» **WHAT YOU NEED TO DO**:
Up to and including the line with "Melody Ehsani Womens", please set down the entries below exactly, starting from the first line.

○ ○ ○ ○ ○ ○ ○

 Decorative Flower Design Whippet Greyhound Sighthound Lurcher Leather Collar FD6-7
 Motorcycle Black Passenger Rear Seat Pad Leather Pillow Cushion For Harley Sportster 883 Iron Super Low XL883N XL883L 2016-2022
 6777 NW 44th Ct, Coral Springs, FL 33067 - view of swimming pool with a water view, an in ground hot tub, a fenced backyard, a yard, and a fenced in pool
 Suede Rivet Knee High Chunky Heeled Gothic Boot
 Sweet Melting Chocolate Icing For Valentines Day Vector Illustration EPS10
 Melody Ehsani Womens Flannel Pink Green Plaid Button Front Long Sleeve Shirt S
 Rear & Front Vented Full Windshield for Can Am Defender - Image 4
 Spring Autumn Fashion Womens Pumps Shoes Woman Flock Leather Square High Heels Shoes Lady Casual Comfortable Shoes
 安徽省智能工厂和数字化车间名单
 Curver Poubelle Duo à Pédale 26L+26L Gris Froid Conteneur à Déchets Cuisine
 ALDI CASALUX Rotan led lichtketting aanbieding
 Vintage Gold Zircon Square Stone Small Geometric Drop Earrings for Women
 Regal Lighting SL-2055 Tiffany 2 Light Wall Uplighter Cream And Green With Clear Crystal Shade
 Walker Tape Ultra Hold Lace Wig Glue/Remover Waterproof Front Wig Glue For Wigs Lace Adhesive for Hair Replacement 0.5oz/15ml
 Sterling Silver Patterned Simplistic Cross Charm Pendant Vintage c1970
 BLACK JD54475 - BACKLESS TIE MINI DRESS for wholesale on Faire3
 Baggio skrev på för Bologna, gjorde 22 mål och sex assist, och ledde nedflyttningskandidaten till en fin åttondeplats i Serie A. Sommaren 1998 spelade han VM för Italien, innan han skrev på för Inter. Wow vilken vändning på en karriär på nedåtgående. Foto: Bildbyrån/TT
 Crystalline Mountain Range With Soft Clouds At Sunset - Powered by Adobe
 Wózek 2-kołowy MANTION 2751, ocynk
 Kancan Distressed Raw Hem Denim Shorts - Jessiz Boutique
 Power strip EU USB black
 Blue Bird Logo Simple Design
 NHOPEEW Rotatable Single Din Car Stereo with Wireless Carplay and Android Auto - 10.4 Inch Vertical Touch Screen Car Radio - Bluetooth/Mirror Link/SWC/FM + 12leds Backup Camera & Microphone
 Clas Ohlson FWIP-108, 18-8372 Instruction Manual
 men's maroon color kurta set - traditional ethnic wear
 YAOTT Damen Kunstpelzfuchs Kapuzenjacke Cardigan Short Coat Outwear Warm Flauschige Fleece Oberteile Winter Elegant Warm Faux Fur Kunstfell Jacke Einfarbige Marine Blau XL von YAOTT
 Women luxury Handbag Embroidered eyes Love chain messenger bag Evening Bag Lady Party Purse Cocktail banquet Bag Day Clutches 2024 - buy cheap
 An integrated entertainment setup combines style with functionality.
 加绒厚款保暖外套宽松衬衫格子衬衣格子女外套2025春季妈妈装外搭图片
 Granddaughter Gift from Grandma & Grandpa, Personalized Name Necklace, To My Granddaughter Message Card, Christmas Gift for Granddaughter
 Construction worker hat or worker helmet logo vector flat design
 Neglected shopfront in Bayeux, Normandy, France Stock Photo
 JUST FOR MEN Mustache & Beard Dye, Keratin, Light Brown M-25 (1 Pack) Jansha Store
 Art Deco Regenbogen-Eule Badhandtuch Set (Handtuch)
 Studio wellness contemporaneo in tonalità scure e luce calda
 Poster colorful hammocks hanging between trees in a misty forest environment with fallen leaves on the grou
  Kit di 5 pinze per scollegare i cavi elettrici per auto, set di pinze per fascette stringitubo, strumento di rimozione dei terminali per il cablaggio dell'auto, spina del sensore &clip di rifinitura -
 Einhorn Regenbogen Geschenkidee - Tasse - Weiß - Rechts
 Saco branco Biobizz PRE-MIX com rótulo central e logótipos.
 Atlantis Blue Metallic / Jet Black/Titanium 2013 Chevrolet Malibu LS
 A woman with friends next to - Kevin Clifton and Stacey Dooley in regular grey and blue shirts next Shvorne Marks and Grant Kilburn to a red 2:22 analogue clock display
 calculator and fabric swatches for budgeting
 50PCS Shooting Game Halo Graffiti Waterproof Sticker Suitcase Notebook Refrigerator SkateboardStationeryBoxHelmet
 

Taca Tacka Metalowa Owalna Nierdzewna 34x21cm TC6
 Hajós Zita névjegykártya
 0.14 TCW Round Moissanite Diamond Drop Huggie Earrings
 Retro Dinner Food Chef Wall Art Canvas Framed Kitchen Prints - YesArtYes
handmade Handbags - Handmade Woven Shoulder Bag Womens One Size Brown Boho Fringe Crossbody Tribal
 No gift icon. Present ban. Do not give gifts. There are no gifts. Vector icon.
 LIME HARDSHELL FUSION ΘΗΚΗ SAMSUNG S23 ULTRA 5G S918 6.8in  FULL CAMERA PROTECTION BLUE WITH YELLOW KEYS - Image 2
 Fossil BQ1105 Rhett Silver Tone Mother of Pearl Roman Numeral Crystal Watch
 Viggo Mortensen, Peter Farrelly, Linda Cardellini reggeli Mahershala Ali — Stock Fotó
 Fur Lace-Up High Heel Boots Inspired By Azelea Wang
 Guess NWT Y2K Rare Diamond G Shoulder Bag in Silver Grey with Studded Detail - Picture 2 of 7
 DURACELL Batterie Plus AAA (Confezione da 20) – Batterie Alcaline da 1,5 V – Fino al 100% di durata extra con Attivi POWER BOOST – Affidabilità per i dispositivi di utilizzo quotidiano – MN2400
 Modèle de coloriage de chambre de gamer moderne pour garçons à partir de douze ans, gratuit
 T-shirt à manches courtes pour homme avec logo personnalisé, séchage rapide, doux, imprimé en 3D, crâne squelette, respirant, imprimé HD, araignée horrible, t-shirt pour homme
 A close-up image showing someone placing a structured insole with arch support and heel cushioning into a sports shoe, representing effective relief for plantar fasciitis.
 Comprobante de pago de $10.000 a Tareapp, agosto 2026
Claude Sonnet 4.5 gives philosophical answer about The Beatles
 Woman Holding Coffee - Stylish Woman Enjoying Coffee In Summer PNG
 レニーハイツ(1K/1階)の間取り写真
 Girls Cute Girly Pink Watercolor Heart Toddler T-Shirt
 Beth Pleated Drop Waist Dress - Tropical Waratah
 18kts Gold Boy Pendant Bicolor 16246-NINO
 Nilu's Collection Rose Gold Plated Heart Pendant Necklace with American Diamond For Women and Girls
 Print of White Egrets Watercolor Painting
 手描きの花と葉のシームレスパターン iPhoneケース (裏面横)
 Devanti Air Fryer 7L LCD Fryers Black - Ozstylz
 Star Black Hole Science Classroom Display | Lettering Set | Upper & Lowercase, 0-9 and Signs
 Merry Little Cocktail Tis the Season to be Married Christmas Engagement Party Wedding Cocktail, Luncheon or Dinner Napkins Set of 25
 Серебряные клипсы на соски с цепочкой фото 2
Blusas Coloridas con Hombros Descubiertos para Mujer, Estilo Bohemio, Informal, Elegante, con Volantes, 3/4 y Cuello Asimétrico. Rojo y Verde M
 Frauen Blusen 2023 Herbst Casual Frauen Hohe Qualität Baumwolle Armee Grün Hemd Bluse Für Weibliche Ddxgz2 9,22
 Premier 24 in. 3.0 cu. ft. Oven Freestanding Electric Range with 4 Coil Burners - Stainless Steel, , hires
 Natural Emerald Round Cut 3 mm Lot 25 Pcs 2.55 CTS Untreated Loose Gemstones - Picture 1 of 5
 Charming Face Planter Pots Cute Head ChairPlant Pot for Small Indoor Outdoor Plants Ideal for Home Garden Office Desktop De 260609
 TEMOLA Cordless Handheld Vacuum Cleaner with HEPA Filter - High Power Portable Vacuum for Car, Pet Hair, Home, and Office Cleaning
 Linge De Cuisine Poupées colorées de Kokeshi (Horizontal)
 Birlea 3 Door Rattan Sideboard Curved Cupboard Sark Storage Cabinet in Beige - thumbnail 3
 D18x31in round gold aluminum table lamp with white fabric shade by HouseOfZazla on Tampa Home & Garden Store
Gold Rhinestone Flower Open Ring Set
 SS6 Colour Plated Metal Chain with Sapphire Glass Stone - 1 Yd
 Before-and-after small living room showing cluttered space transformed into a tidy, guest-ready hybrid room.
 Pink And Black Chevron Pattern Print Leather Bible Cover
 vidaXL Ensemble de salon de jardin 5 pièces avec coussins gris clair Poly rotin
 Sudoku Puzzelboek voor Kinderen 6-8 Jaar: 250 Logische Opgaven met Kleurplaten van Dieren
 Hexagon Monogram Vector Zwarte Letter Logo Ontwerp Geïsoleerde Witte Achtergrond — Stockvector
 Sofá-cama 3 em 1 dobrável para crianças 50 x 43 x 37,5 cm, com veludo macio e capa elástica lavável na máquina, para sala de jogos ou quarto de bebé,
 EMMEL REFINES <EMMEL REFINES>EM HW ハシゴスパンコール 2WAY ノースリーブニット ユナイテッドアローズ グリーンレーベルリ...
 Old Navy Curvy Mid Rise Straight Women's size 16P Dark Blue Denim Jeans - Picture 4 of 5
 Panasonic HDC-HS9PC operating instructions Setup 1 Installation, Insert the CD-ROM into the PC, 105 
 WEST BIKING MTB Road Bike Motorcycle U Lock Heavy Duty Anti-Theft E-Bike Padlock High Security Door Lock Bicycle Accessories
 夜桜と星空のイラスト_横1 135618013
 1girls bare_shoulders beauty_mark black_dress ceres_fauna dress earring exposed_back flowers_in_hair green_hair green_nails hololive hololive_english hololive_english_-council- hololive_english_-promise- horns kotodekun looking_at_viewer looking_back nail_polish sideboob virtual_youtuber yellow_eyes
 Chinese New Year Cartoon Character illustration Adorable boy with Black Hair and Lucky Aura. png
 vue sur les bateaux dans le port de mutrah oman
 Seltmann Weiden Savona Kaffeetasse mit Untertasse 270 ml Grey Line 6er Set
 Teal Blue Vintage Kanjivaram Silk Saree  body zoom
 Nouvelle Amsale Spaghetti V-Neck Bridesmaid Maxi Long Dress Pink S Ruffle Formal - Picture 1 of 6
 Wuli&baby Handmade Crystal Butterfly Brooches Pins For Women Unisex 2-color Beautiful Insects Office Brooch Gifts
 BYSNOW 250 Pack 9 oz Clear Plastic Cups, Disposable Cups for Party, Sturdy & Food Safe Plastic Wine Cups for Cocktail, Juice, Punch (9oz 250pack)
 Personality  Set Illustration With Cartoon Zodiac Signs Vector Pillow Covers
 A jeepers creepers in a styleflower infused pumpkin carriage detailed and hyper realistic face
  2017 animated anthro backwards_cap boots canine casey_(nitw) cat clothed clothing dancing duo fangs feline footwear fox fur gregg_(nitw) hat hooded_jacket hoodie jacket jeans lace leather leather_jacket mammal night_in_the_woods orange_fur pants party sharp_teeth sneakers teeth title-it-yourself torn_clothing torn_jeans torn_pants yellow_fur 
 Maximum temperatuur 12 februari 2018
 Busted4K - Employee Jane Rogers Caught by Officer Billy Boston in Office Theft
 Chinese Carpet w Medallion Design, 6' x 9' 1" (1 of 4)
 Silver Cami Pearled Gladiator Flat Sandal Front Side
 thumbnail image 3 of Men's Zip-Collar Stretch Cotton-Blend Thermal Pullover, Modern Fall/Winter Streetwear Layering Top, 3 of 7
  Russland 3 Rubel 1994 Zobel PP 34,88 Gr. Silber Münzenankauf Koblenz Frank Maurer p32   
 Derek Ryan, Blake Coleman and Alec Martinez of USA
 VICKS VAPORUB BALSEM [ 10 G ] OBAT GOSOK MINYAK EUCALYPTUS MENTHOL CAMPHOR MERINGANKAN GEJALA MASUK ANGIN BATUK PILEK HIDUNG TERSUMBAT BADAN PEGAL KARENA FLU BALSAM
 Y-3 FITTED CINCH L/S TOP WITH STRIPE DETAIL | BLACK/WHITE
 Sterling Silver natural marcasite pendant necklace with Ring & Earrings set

○ ○ ○ ○ ○ ○ ○

» **RESPONSE TO THIS TASK**:
 Decorative Flower Design Whippet Greyhound Sighthound Lurcher Leather Collar FD6-7
 Motorcycle Black Passenger Rear Seat Pad Leather Pillow Cushion For Harley Sportster 883 Iron Super Low XL883N XL883L 2016-2022
 6777 NW 44th Ct, Coral Springs, FL 33067 - view of swimming pool with a water view, an in ground hot tub, a fenced backyard, a yard, and a fenced in pool
 Suede Rivet Knee High Chunky Heeled Gothic Boot
 Sweet Melting Chocolate Icing For Valentines Day Vector Illustration EPS10
 Melody Ehsani Womens Flannel Pink Green Plaid Button Front Long Sleeve Shirt S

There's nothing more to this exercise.